[[ RECORD EXCERPTS, beginning ]]

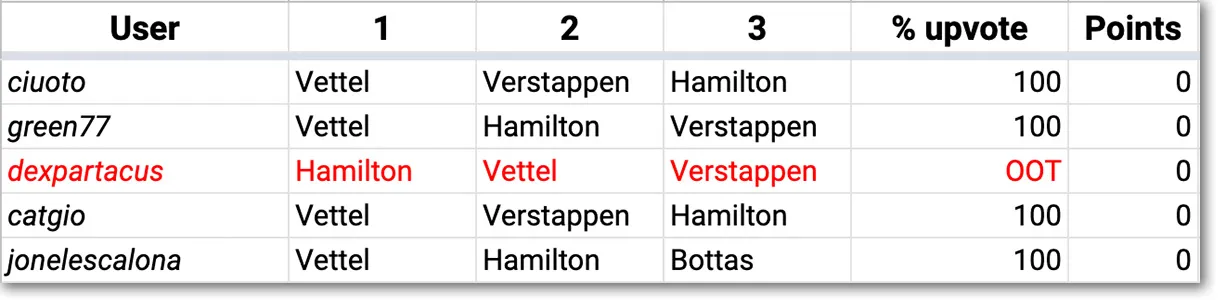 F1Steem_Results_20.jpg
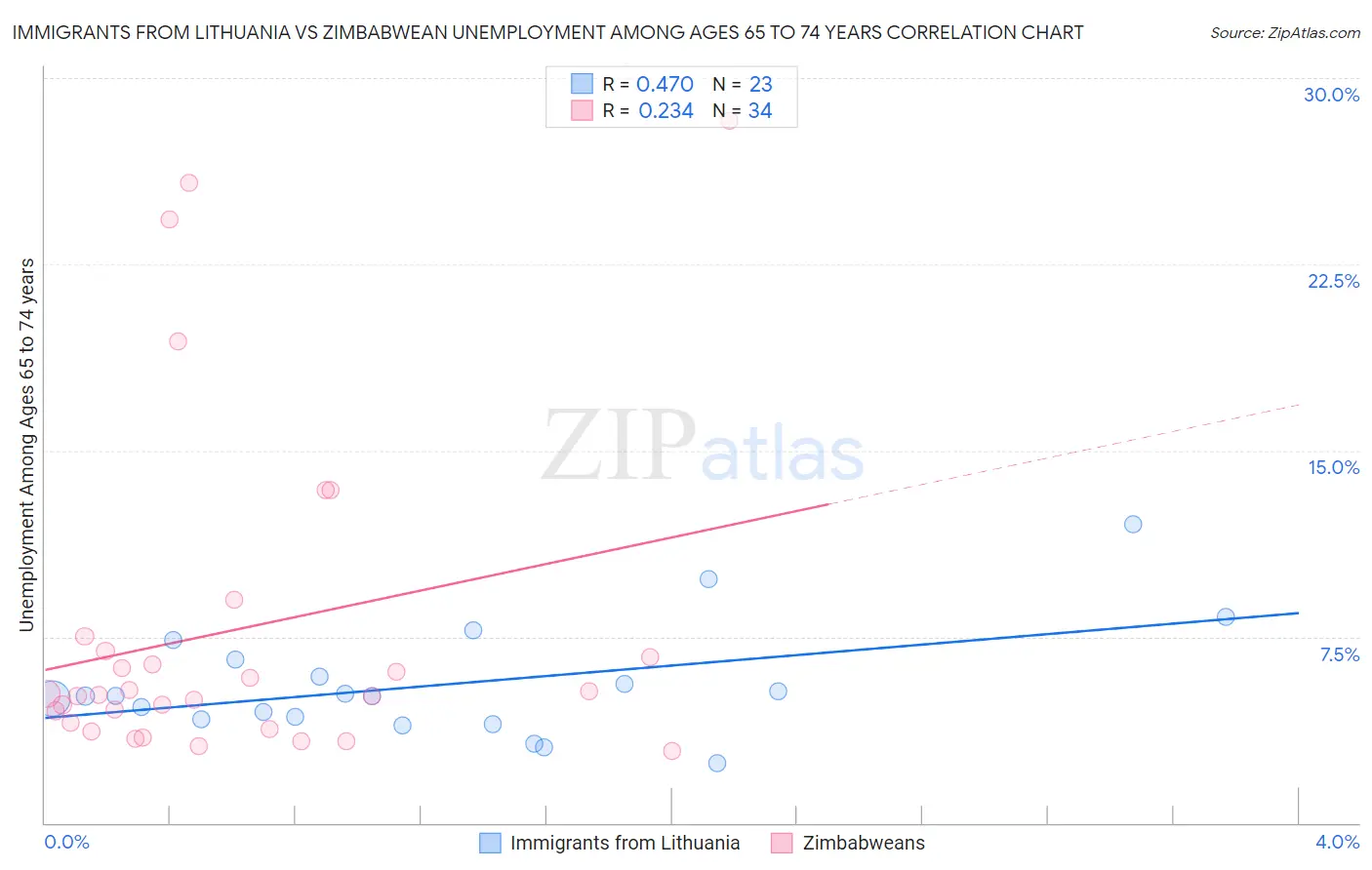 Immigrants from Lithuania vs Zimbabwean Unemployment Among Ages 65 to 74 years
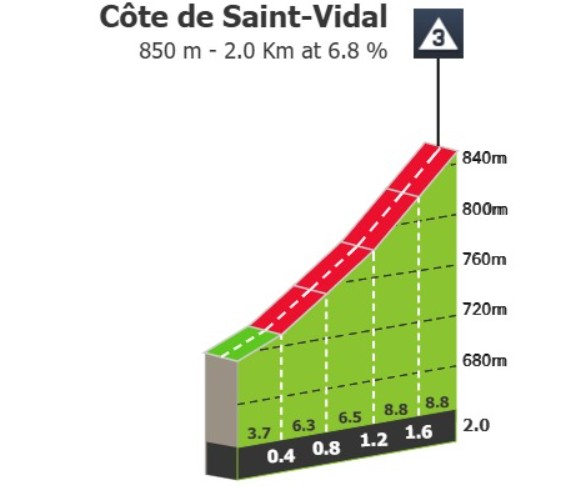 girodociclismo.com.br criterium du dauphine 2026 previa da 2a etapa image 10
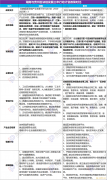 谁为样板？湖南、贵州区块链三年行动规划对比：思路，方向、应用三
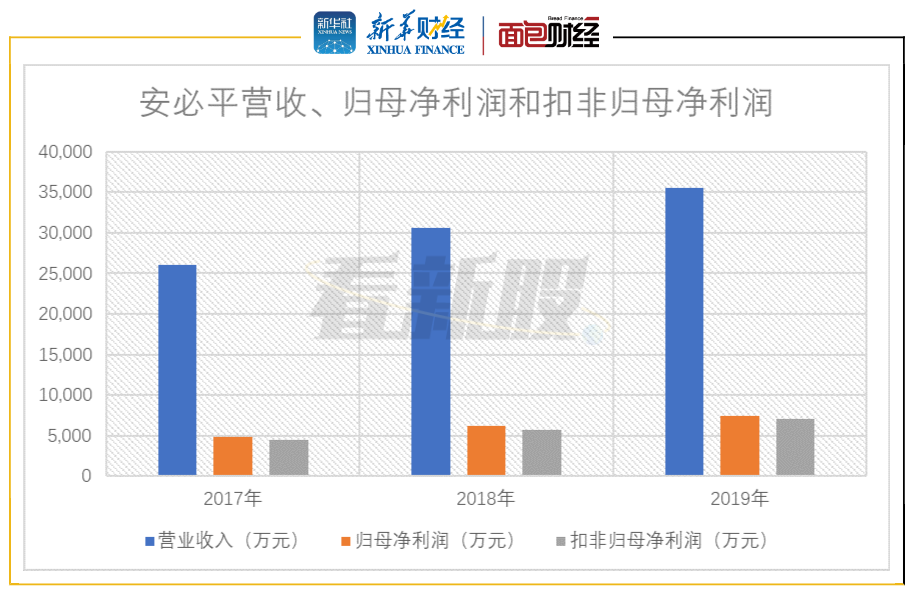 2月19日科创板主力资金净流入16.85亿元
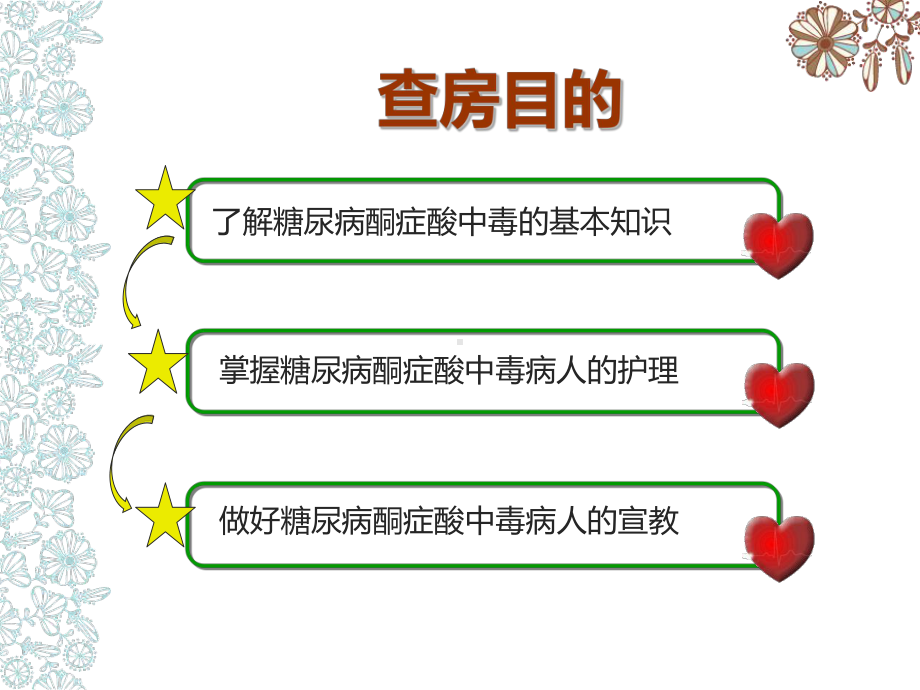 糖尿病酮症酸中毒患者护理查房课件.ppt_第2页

[[ RECORD EXCERPTS, end ]]
[[ RECORD EXCERPTS, beginning ]]

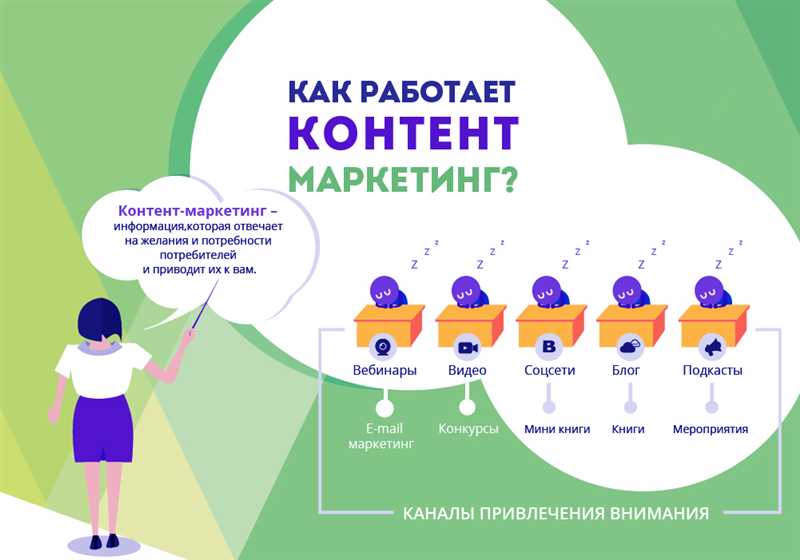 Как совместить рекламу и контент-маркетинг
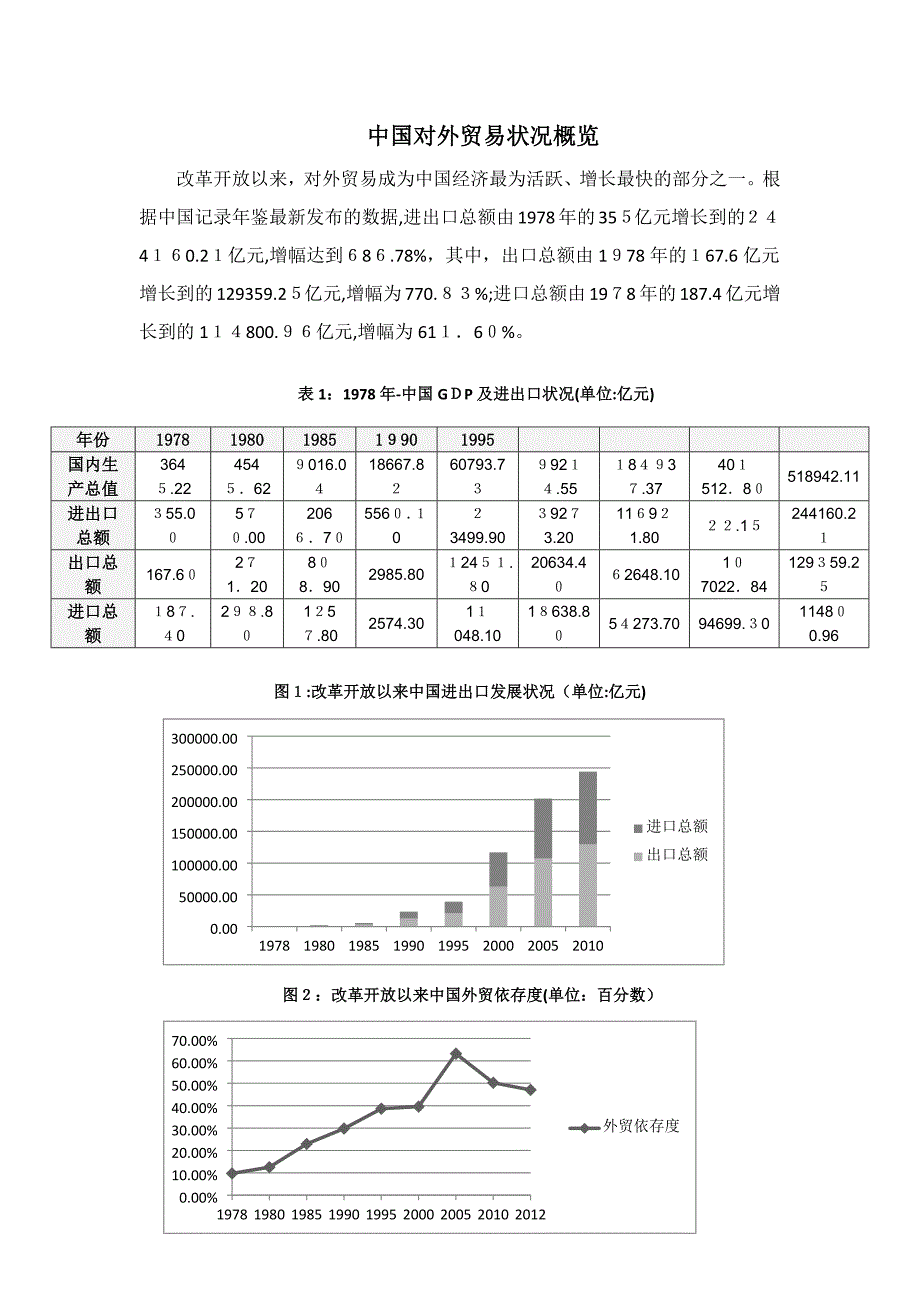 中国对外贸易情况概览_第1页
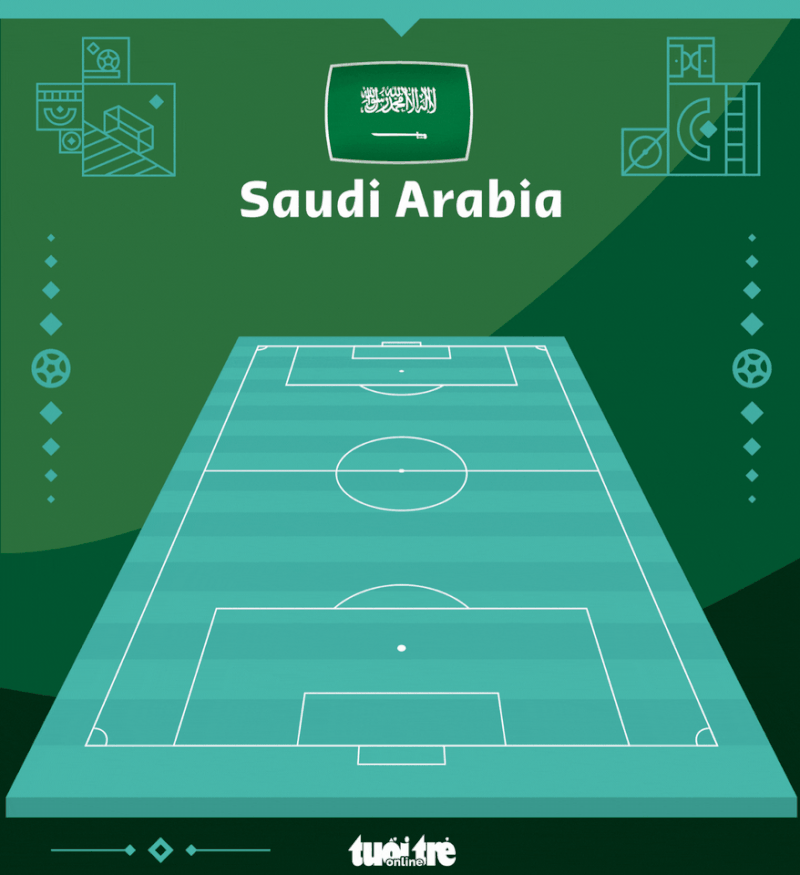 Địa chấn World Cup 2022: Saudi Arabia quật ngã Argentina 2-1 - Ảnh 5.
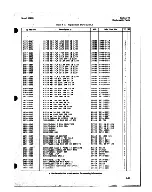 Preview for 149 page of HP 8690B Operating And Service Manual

[[ RECORD EXCERPTS, end ]]
[[ RECORD EXCERPTS, beginning ]]

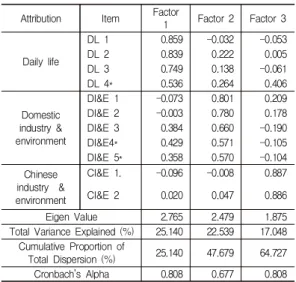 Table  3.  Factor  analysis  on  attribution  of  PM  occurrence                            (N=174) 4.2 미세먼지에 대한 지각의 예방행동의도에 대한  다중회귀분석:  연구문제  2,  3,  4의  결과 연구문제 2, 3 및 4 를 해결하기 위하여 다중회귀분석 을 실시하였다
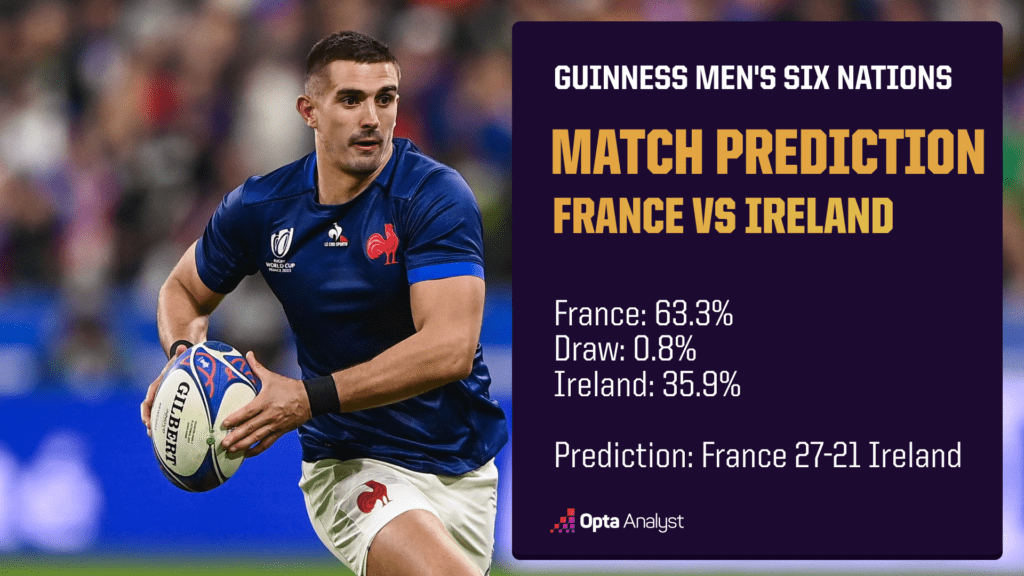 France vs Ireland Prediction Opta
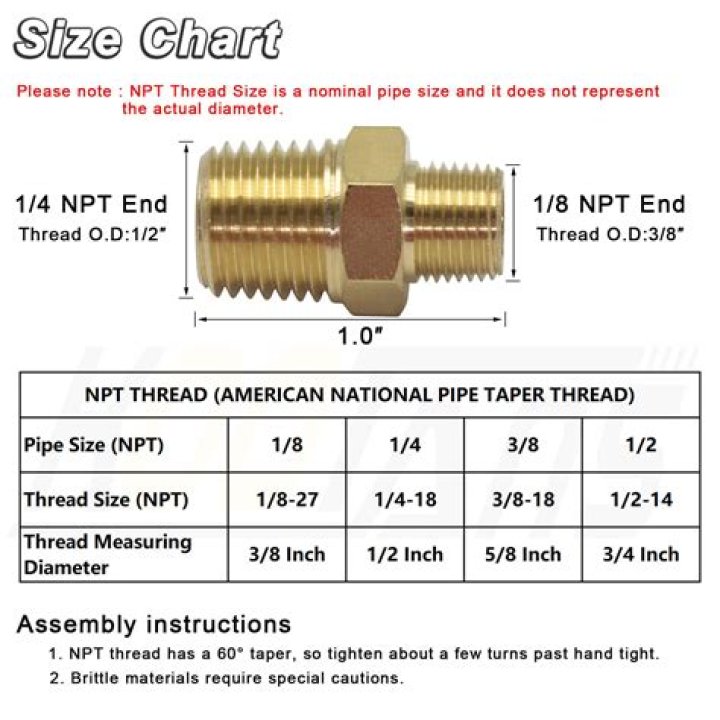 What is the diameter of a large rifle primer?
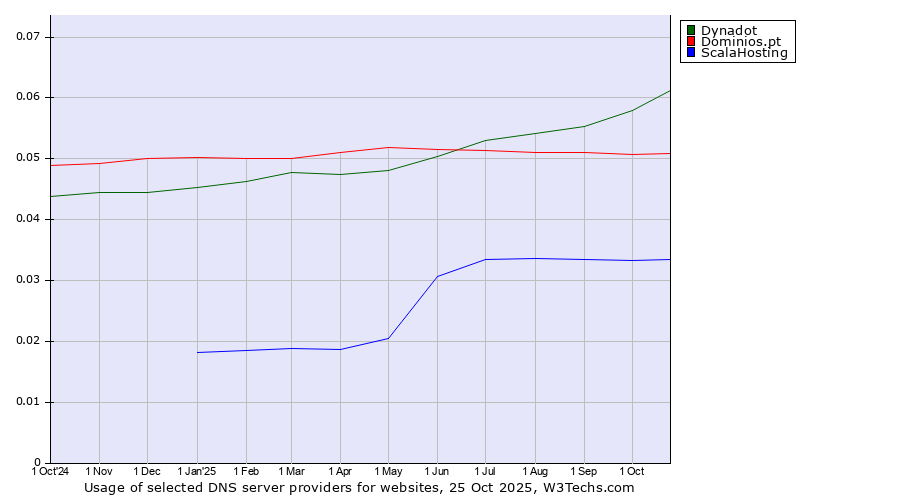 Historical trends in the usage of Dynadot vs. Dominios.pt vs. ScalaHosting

[[ RECORD EXCERPTS, end ]]

AIM OF THE TASK | Write out word for word the lines of the listing above from the line with "Как совместить рекламу и контент-маркетинг" to the line with "Preview for 149", taking in both of those lines but no pictures.

RESULT OF THE TASK |
 Как совместить рекламу и контент-маркетинг
 中国对外贸易情况概览_第1页
 Địa chấn World Cup 2022: Saudi Arabia quật ngã Argentina 2-1 - Ảnh 5.
 Preview for 149 page of HP 8690B Operating And Service Manual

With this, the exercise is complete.